Tem certos dias
Tem certos dias que a gente acorda e fica deitado pensando se vale a pena sair da cama. Se levantar terá algum sentido, além de levar mais uma paulada, sem razão, exceto estar vivo.
Tanto faz. Tanto faz de onde, como, de quem. A paulada é uma certeza e o ato de levantar corresponde a dar o pescoço para o carrasco, mas sem dar-lhe o óbolo em paga para cortar nossa cabeça com carinho.
O mundo surge cinza no meio da semiescuridão do quarto iluminado pela luz da manhã entrando pelas frestas da janela fechada. E a semiescuridão do quarto faz mais cinza ainda as outras perspectivas.
Levantar é a certeza do desastre, do preço que não vale a pena ser pago, de que tudo está errado e por isso qualquer coisa vai dar errado, por mais esforço e sacrifício que se faça.
Mas, a gente se levanta porque tem que se levantar.
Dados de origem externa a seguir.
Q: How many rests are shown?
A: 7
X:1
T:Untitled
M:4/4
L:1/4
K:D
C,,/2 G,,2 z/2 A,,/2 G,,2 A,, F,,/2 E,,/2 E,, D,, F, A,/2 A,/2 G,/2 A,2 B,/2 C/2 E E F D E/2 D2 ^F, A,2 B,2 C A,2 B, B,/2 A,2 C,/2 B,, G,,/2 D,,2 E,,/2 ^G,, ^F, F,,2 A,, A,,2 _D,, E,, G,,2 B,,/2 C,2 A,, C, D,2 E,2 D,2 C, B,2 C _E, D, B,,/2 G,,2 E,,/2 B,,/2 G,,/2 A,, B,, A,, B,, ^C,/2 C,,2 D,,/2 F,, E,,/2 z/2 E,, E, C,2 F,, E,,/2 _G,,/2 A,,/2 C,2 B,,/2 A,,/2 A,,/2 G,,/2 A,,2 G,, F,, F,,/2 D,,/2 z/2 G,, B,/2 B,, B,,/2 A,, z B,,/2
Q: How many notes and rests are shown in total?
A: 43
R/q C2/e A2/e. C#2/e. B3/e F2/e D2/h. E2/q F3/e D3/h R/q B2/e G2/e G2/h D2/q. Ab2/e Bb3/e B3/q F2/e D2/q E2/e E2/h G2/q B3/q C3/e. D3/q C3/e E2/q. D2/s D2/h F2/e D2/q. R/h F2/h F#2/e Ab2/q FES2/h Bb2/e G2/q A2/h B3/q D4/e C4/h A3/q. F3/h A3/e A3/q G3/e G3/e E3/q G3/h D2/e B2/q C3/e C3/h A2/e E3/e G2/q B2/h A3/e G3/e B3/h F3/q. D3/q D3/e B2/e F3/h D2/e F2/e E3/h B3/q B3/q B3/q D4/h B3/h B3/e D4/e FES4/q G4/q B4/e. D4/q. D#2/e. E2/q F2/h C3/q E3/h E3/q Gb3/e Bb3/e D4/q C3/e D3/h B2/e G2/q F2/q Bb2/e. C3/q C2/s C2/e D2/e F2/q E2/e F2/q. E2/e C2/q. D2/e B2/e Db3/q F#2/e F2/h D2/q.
Sai da cama, abre a janela, olha pra fora e descobre que o mundo está lá, do jeito de sempre, mas se mostrando de outro jeito.
Uma flor balança na trepadeira ao lado, um pássaro canta, um bando de periquitos passa voando, fazendo uma algazarra louca, que assusta o pássaro que para de cantar.
A vida se mostra, se expõe, em cada galho balançando, na nuvem que tapa o sol, no vento semifrio da manhã de outono.
De repente, a pele se arrepia, o dia entra pelo corpo, toma o sangue e acelera o coração.
O cinza sai de cena. A luz fica mais clara e todas as certezas que estavam escondidas fazem, de novo, a vida valer qualquer pena.